Agora, recentemente, pude apreciar a experiência de outra pessoa se tornando “pai” literário. Era a vez de um conterrâneo, muito amigo e querido, Delson Ribeiro de Andrade. Ele acabava de lançar Mochilas: o relato de uma aventura hippie nos anos setenta (Ed. Página Aberta, 2007). O livro narra eventos da sua própria vida transcorridos na velha Europa. Comumente chamado de “Brother”, ele é irmão do importante escritor mineiro Jeferson de Andrade. É dessas pessoas alegres e carismáticas, com enorme talento para contar histórias, tal qual seu pai, o teatrólogo Donato de Andrade.

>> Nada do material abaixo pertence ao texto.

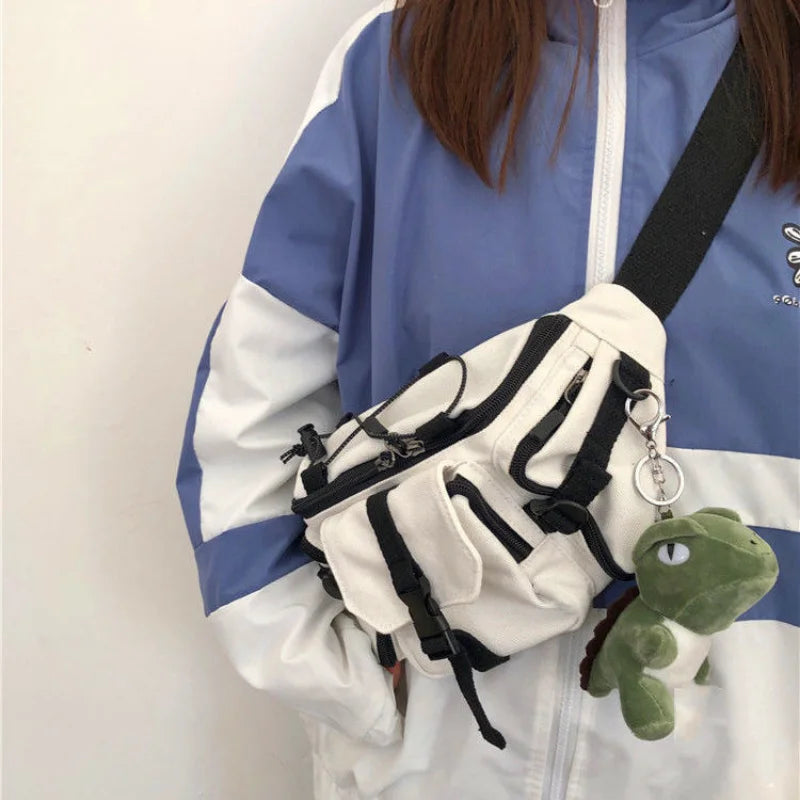Sac Bandoulière Japonais dinosaure blanc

Despretensioso, mas cativante, o Mochilas parece que nos convida a uma mesa de bar, onde vamos ouvir de um amigo as inúmeras peripécias de dois jovens companheiros que, aos vinte e poucos anos, partem do Rio de Janeiro rumo a Lisboa, com passagem marítima só de ida e 120 dólares no bolso. Em muitos países daquele continente e também no exótico Marrocos, eles sobreviveriam por mais de ano às duras custas, colhendo frutas ou vendendo brincos nas ruas, por exemplo. Ao mesmo tempo, se divertiriam nas incessantes descobertas de novas culturas e línguas de um mundo proibitivo (de tão caro e distante) aos pobres e à classe média brasileira durante os anos de ditadura militar.

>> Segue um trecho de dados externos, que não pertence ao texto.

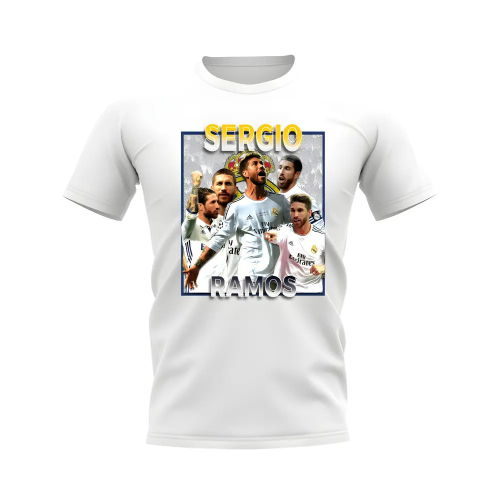 Sergio Ramos Real Madrid Bootleg T-Shirt (White)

Eu que vivi boa parte da adolescência escutando os relatos do Brother em primeira mão, redescobri no prazer de ler seu livro algumas das razões pelas quais eu próprio saíra do meu país em 1981, também com pouco mais de vinte e um anos de idade, em viagem arrojada e libertária pelas Américas do Sul e do Norte. Desta feita eu passaria sete domingos consecutivos em sete países diferentes, do Brasil ao Canadá. Pois, assim é a vida de muitos livros: nascem de deslocamentos do nosso “eu” e da interrupção da nossa rotina. Inspiram sonhos de viajantes e de progenitores das letras, como um rebento que vira trigo e vira pão, para depois alimentar os sonhos de novos inquietos e novos aventureiros.